Question 1.16 Sales and time spent on web pages

You have collected data on 1000 customers who visited the web pages of your company last week. For each customer, you recorded the time spent on your pages and the total amount of their purchases during the visit. You want to explore the relationship between these two variables.

  1. What is the explanatory variable? What is the response variable? Explain your answers.
  2. Are these variables categorical or quantitative?
  3. Do you expect a positive or negative association between these variables? Why?
  4. How strong do you expect the relationship to be? Give reasons for your answer.

Question 1.17 A product for lab experiments

Barium-137m is a radioactive form of the element barium that decays very rapidly. It is easy and safe to use for lab experiments in schools and colleges.6 In a typical experiment, the radioactivity of a sample of barium-137m is measured for one minute. It is then measured for three additional one-minute periods, separated by two minutes. So data are recorded at one, three, five, and seven minutes after the start of the first counting period. The measurement units are counts. Here are the data for one of these experiments:7

Time 1 3 5 7
Count 578 317 203 118
  1. Make a scatterplot of the data. Give reasons for the choice of which variables to use on the x and y axes.
  2. Describe the overall pattern in the scatterplot.
  3. Describe the form, direction, and strength of the relationship.
  4. Identify any outliers.
  5. Is the relationship approximately linear? Explain your answer.

Question 1.18 Use a log for the radioactive decay

Refer to the previous exercise. Transform the counts using a log transformation. Then repeat parts (a) through (e) for the transformed data, and compare your results with those from the previous exercise.

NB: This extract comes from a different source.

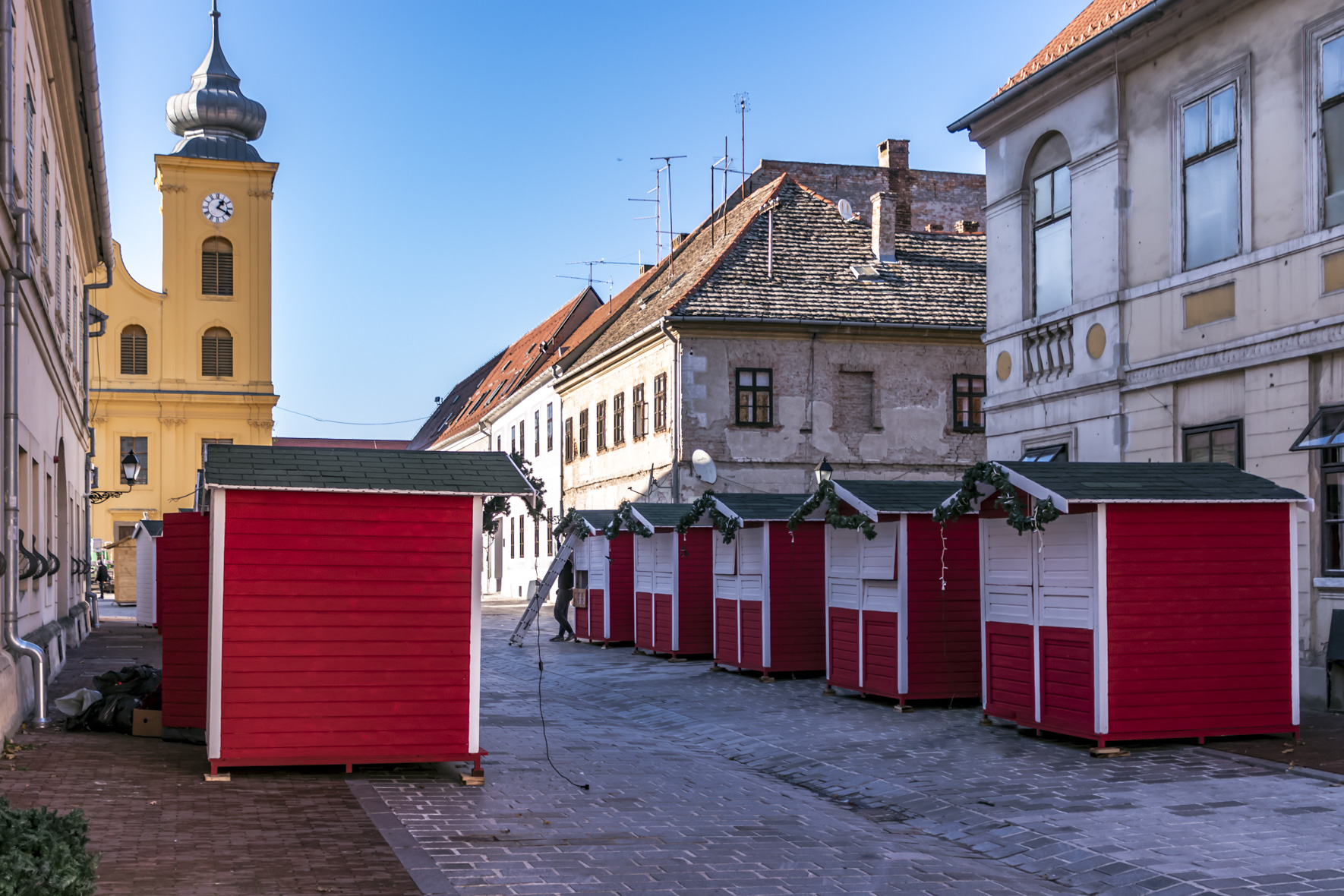 Pripreme za početak Adventa u Osijeku Pripreme za početak Adventa u Osijeku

Question 1.19 Time to start a business

Case 1.2 (page 23) uses the World Bank data on the time required to start a business in different countries. For Example 1.21 and several other examples that follow we used data for a subset of the countries for 2013. Data are also available for times to start in 2008. Let’s look at the data for all 189 countries to examine the relationship between the times to start in 2013 and the times to start in 2008.

  1. Why should you use the time for 2008 as the explanatory variable and the time for 2013 as the response variable?
  2. Make a scatterplot of the two variables.
  3. How many points are in your plot? Explain why there are not 189 points.
  4. Describe the form, direction, and strength of the relationship.
  5. Identify any outliers.
  6. Is the relationship approximately linear? Explain your answer.

Question 1.20 Use 2003 to predict 2013

Refer to the previous exercise. The data set also has times for 2003. Use the 2003 times as the explanatory variable and the 2013 times as the response variable.

  1. Answer the questions in the previous exercise for this setting.
  2. Compare the strength of this relationship (between the 2013 times and the 2003 times) with the strength of the relationship in the previous exercise (between the 2013 times and the 2008 times). Interpret this finding.

74

Question 1.21 Fuel efficiency and CO_2 emissions

Refer to Example 2.7 (pages 70–71), where we examined the relationship between CO2 emissions and highway MPG for 1067 vehicles for the model year 2014. In that example, we used MPG as the explanatory variable and CO2 as the response variable. Let’s see if the relationship differs if we change our measure of fuel efficiency from highway MPG to city MPG. Make a scatterplot of the fuel efficiency for city driving, city MPG, versus CO2 emissions. Write a summary describing the relationship between these two variables. Compare your summary with what we found in Example 2.7.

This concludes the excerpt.